This form of development is particularly pronounced in California. With eleven million people living in a WUI-designated area, the state has the largest population facing an increased fire hazard due to the location of their homes. In total, as of 2022, over five million houses exist in California’s WUI. This equates to thirty-two percent of the state’s housing units. Given these statistics, the state also suffers from more wildfire-caused building destruction than all other states combined. Recent research found that homes located in the interface subcategory experience disproportionate losses; although only two percent of total burned area encompasses the interface, the area bears half of all burnt structures.

Despite the warranted media attention and academic research dedicated to the WUI, no existing analyses consider the potential consequences of climate change and wildfires on housing in the influence zone. Thus, using the LNU as a case study, this paper focuses on this overlooked subcategory. As illustrated by Figure 2, most structures damaged by the Complex were in this zone, not the interface or intermix. That is, the most impacted homes had addresses in unincorporated territory, not within official city boundaries.
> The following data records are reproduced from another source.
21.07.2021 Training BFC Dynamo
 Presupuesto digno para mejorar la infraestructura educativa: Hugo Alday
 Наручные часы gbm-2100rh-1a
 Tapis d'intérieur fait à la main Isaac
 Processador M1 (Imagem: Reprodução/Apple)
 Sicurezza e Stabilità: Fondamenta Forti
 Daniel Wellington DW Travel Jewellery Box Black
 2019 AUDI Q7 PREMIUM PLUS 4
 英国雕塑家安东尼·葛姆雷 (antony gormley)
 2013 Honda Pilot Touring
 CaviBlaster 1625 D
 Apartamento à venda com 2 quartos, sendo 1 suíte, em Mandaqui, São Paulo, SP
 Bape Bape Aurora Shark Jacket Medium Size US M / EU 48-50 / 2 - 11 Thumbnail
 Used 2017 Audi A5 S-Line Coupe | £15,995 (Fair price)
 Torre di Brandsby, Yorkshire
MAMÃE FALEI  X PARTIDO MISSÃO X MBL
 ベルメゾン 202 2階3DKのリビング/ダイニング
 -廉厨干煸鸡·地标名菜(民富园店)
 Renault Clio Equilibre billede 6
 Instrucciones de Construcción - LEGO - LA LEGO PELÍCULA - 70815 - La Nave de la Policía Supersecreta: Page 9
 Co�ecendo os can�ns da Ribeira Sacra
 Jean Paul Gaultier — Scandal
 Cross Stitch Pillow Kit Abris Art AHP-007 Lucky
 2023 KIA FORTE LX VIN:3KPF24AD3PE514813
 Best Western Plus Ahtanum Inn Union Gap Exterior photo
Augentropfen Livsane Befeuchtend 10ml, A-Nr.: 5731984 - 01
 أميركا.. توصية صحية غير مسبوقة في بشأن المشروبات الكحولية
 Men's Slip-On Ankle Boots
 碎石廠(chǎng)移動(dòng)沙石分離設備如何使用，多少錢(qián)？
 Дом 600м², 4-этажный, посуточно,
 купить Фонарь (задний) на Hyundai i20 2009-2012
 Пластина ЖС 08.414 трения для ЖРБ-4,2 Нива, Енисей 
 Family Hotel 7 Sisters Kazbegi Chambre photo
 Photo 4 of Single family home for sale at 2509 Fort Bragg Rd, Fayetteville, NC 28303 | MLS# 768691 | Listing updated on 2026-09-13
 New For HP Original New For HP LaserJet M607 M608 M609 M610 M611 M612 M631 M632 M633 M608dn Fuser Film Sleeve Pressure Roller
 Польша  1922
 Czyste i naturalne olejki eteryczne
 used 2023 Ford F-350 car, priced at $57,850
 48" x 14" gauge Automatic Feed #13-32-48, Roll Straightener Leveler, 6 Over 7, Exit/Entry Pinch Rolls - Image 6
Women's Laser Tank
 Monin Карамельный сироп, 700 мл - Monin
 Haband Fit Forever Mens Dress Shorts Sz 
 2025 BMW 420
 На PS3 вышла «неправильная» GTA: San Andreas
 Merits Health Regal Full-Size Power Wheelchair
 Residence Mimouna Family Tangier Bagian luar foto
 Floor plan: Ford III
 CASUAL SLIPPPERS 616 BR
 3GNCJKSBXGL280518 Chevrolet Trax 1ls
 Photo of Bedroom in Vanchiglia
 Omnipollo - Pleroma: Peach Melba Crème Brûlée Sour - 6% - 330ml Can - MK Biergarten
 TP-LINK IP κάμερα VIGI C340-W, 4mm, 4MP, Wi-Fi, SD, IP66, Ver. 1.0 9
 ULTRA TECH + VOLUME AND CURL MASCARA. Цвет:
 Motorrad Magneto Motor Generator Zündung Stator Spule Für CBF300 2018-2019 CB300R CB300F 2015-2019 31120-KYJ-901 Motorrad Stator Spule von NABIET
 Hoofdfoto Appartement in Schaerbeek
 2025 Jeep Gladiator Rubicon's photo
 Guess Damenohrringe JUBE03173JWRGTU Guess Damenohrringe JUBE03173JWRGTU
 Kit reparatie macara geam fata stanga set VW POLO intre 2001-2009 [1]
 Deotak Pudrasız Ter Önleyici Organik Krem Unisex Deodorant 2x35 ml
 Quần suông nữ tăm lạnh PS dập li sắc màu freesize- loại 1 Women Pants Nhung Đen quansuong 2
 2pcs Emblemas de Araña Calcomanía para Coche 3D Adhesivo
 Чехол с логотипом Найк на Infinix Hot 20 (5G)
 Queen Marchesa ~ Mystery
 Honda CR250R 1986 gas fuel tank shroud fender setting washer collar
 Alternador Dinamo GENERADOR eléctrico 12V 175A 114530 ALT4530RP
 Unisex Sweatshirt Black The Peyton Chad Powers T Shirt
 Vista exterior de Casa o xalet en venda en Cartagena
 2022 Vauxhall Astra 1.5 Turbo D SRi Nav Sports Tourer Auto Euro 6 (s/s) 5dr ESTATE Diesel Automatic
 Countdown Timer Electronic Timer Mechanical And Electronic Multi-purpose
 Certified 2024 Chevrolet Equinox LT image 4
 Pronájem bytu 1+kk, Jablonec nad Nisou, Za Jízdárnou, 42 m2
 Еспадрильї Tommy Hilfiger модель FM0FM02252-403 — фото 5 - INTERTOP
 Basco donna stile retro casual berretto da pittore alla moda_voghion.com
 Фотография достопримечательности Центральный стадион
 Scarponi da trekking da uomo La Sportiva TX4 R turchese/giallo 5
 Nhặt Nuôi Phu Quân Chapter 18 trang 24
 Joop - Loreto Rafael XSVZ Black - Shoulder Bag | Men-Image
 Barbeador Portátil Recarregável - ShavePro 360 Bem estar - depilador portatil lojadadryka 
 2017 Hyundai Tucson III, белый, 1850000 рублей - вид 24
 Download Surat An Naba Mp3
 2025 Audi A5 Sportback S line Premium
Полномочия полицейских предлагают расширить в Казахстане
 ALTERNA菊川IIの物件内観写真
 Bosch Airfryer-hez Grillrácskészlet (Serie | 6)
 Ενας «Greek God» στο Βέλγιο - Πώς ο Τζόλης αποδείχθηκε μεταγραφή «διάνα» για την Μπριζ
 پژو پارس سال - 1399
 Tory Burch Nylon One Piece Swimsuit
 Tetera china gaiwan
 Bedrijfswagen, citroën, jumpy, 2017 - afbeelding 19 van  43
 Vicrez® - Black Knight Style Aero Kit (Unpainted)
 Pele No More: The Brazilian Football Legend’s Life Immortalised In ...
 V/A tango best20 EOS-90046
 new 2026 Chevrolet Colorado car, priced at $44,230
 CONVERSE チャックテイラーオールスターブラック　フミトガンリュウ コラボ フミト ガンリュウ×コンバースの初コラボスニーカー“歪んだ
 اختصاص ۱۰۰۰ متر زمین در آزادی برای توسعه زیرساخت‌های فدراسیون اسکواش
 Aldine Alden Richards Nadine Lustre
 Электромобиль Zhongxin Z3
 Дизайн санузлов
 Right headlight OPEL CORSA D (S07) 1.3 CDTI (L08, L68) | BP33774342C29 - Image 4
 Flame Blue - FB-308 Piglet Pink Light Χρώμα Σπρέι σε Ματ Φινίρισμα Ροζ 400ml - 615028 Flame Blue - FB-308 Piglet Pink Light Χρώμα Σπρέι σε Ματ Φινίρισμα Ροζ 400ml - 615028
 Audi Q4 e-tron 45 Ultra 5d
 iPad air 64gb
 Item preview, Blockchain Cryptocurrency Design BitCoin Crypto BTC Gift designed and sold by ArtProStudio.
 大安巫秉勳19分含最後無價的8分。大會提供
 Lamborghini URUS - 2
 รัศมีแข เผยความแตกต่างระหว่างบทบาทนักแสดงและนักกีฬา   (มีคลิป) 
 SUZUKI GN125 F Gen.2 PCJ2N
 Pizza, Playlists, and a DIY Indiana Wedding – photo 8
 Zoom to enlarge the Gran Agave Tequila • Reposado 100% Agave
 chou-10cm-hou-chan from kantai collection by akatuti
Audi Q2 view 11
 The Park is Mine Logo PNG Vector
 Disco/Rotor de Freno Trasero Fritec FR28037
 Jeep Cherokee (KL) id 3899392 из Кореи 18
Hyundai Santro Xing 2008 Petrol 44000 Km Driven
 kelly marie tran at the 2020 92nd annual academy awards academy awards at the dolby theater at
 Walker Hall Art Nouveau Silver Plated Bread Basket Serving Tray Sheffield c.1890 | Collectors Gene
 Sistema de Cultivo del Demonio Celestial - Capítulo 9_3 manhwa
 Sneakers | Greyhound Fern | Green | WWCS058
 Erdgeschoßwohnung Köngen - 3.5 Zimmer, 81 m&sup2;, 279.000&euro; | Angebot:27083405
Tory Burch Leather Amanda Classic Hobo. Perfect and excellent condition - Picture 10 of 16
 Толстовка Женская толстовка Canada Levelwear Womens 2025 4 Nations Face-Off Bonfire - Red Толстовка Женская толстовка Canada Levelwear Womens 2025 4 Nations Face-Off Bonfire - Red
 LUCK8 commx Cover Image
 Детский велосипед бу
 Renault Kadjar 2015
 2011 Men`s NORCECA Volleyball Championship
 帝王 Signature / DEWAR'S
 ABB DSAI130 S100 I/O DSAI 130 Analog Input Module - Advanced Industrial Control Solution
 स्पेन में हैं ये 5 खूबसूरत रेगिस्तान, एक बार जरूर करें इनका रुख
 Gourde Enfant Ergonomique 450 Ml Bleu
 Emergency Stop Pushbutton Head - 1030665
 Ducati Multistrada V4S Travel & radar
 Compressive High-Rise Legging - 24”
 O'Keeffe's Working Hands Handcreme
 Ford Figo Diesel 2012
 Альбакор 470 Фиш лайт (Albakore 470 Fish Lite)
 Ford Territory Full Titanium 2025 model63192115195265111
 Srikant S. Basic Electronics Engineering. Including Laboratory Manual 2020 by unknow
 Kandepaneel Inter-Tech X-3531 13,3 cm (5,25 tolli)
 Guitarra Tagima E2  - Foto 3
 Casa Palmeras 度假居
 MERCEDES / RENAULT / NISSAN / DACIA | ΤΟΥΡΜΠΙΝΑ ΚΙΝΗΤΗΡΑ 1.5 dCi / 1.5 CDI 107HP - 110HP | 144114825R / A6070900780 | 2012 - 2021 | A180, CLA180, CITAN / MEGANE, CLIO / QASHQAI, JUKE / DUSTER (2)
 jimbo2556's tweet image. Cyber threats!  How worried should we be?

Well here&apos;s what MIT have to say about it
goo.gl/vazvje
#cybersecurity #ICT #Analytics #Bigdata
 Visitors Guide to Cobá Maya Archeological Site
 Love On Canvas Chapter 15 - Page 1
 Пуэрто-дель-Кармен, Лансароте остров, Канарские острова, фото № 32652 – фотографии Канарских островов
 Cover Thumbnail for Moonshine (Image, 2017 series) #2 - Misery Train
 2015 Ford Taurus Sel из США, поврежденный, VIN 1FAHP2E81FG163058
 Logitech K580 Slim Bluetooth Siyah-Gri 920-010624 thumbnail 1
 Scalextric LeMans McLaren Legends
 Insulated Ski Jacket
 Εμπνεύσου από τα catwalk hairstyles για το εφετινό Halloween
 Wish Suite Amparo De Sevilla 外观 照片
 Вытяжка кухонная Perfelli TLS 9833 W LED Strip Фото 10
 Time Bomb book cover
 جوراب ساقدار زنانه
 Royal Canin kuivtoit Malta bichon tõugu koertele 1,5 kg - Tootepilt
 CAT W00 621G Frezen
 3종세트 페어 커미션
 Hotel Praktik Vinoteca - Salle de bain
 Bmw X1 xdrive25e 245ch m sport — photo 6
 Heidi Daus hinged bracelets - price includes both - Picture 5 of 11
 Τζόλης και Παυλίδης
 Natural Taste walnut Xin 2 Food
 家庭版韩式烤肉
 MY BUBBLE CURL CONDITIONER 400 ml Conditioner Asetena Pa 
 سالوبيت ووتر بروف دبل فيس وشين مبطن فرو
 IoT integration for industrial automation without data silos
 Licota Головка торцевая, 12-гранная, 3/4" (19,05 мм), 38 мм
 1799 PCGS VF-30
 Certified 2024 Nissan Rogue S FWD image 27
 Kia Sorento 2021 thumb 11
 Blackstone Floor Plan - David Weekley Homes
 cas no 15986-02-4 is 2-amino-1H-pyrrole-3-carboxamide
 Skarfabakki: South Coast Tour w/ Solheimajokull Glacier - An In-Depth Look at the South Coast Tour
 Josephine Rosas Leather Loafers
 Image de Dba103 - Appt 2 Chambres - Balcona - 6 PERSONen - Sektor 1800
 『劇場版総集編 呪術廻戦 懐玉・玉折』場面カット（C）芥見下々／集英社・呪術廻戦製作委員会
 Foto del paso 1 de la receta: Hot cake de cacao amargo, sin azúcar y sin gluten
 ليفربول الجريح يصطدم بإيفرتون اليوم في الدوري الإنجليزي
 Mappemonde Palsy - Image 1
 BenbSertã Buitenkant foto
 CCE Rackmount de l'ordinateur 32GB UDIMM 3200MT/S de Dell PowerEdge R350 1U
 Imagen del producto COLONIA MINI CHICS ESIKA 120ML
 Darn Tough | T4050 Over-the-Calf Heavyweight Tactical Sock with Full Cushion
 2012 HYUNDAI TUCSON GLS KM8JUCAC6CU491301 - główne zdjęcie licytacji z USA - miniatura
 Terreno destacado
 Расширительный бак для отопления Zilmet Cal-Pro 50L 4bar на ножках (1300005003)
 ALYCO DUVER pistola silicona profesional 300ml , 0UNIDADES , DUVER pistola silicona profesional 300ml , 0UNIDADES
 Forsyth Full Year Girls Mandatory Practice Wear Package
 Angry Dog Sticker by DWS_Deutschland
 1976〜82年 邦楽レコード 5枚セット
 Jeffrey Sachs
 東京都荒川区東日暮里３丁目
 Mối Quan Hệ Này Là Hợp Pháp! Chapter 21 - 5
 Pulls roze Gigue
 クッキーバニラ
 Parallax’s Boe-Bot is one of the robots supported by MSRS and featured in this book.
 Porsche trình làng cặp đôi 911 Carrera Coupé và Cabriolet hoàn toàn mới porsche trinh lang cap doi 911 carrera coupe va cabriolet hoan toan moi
II. Existing Legal Frameworks and Their Gaps

As climate change continues to exacerbate wildfires in the Western United States it becomes a question of not if but when WUI-sited homes, especially those within the influence zone, will confront fire. Unfortunately, as this Part will illustrate, existing legal frameworks fail to protect the land area, homes, and communities most at risk, i.e., those in unincorporated jurisdictions. This Part begins with a broad-level overview of American land use and planning institutions. It then turns to specific examples of existing laws aimed at managing construction in the WUI at the federal, state, and local levels. Finally, this Part identifies and analyzes the institutional and regulatory gaps that keep land, lodging, and lives at risk.

A. Understanding Institutional Challenges: The Federalist System

The United States’ federalist system reduces the federal government’s ability to dictate land use patterns. Under federalism, the three national branches and fifty individual states all exist as sovereign entities. The Constitution then grants certain authorities to the federal government and the rest to the sovereign states. Decisions surrounding land use constitute a police power, i.e., an authority not listed in the Constitution and thus reserved for state control.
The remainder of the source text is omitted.